Friday, April 1, 2011

Ceçi n'est pas un April Fool's Joke

There are things on which people of good will can disagree while continuing to respect each other. Here are some:

1. Whether, in the wake of the recent disasters in Japan, we should continue to pursue nuclear power as an alternative to burning oil and coal.

2. Whether our recent actions in Libya were necessary to prevent a massacre, and whether they actually worked.

3. Whether the extremely rich should be taxed at a higher rate than they are now, or whether they deserve to keep nearly all of what they make.

4. Whether health care is a right and should be regarded as such.

5. Whether rights like those granted by the Second Amendment should be construed broadly or narrowly.

I could go on, but you get the idea. If you've been reading this blog, you probably know how I would argue most of these questions. Or maybe you don't. If you disagree with me, though, that doesn't mean I'll lose my respect for you. I hope you won't lose your respect for me either.

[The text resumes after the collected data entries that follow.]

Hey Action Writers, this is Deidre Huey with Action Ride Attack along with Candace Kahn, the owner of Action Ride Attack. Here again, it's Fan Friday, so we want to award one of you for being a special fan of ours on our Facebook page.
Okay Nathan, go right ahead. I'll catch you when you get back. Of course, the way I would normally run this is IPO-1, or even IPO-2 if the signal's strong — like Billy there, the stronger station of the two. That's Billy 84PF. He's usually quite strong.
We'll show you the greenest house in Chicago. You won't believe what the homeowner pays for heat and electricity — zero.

There are things, however, about which there is no room for disagreement. While no issue is ever completely black and white, the line between good and evil may be so clear that no-one with an ounce of moral sensitivity should be able to mistake it. Here is one such issue.

• Whether a budget that cuts services that are literally vital to the poorest, most vulnerable members of a society while allowing its very, very, very wealthiest citizens to become even wealthier is immoral.

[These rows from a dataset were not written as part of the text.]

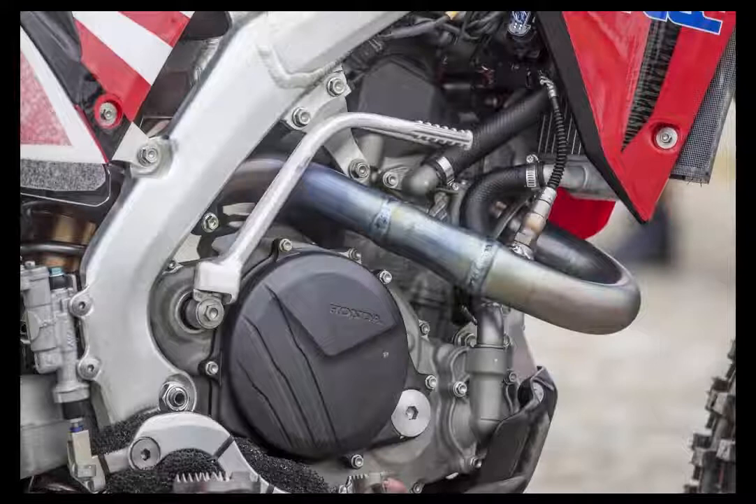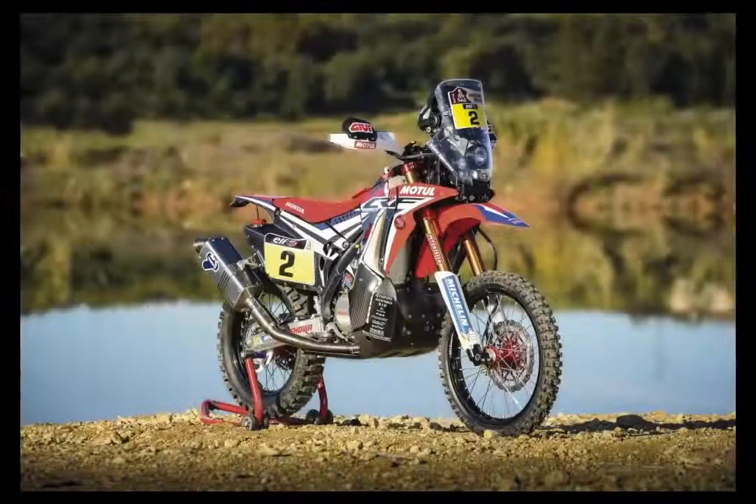The CRF 450R's revolutionary Kyber fork features both high and low-speed compression and rebound damping, letting you dial in the CRF 450R's suspension much quicker.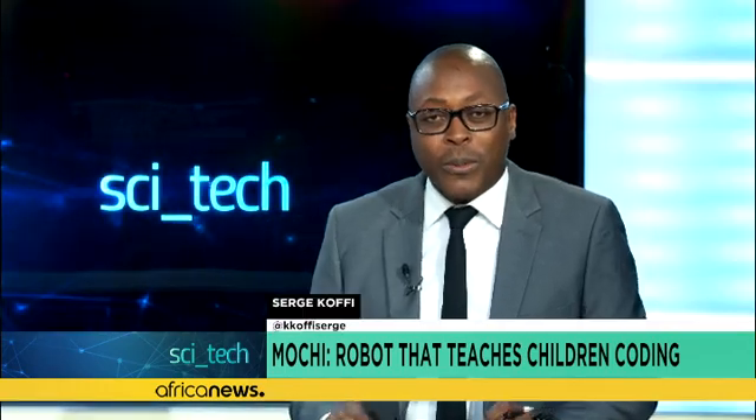Hello, welcome to you all and welcome to the CITES segment on the morning call presented by Serge Kofi. More and more traits require coding know-how. This is why it is important to introduce young children to coding in a fun way.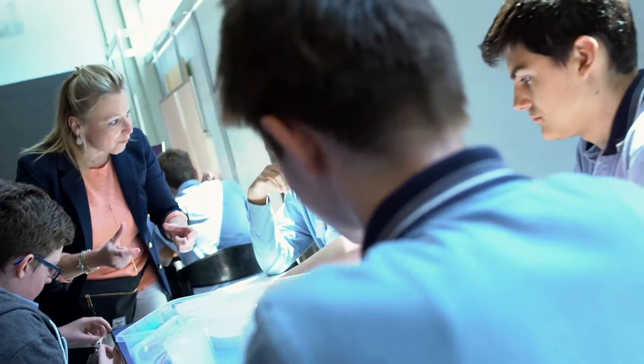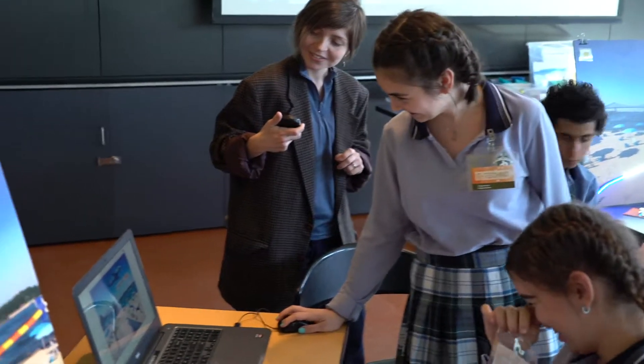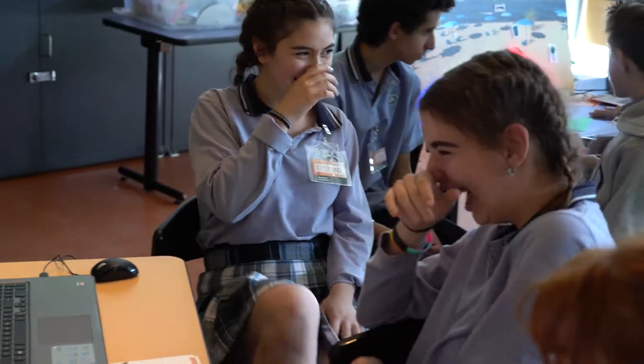A fun and hands-on way for your students to discover their skills and technological careers, from electrical engineering and coding to urban and clothing design — all of this in accordance with learnings related to academic and career guidance. Do your students have what it takes?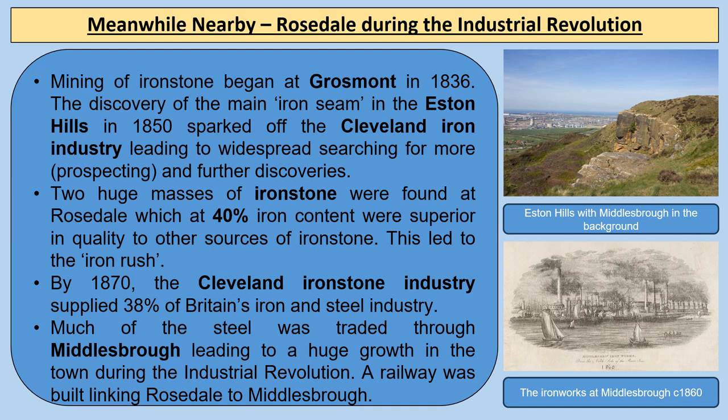Mining of ironstone began at Grosmont in 1836, and the discovery of the main iron seam in the Eston Hills in 1850 sparked off the Cleveland iron industry, leading to widespread prospecting and further discoveries. Two huge masses of ironstone were found at Rosedale with 40% iron content, superior in quality to other sources with perhaps 15–20% iron. By 1870 the Cleveland ironstone industry supplied 38% of Britain's iron and steel industry, and a railway was built linking Rosedale all the way to Middlesbrough.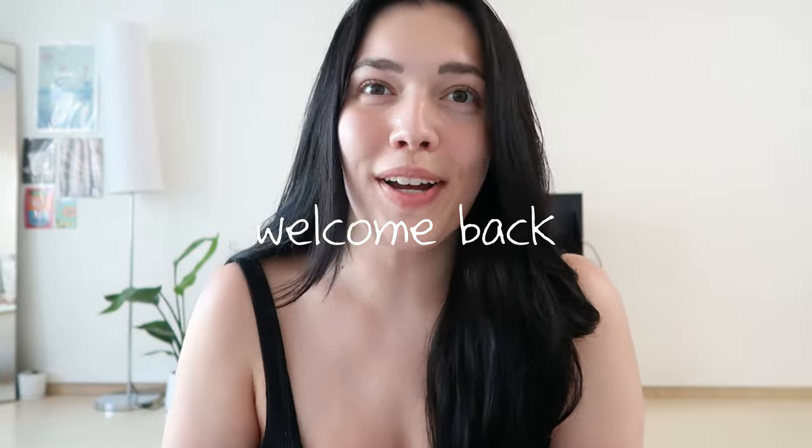Hi guys, welcome back to the vlog. If you're new here, I'm Julianne and this is all about my life living in Seoul, South Korea. Today, I'm going to be doing something a little bit different.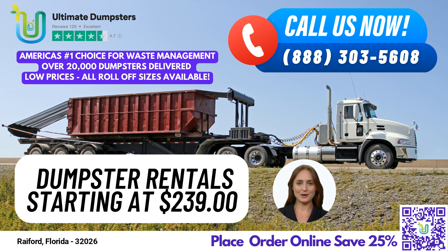Did you know that Rayford, Florida is home to the Union Correctional Institution, one of Florida's largest maximum security prisons? To place an order with Ultimate Dumpsters, you can call us directly or use the QR code in this video to place your order online. Right now, we're offering 25% off dumpster rental orders when you place your order online. Thank you for considering Ultimate Dumpsters for your next dumpster rental needs.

There are no two positions on this question. The budget that the Congressional majority is proposing is a violation of human decency. It is wrong. No country with its morals intact could pass such a budget.

That's it. You can fill in the rest.


  1. I agree that the first 5 are subject to healthy debate by good people on both sides. I'm actually debating within myself on each one of these questions. I don't think I can come to a conclusion without more information. As for the budget cuts -- I don't know anything at all about what Congress is doing these days. The situation you mentioned makes me sick to my stomach. Our country needs a lot of prayer. It's a dark time in history. When will the tide turn to civility, honesty, generosity and compassion? Have we forgotten everything our grandparents knew about nobility and duty?
    Dr. Wallace, you've taught me a lot. Thank you. I prize what I've gained from reading your blog and witnessing your actions.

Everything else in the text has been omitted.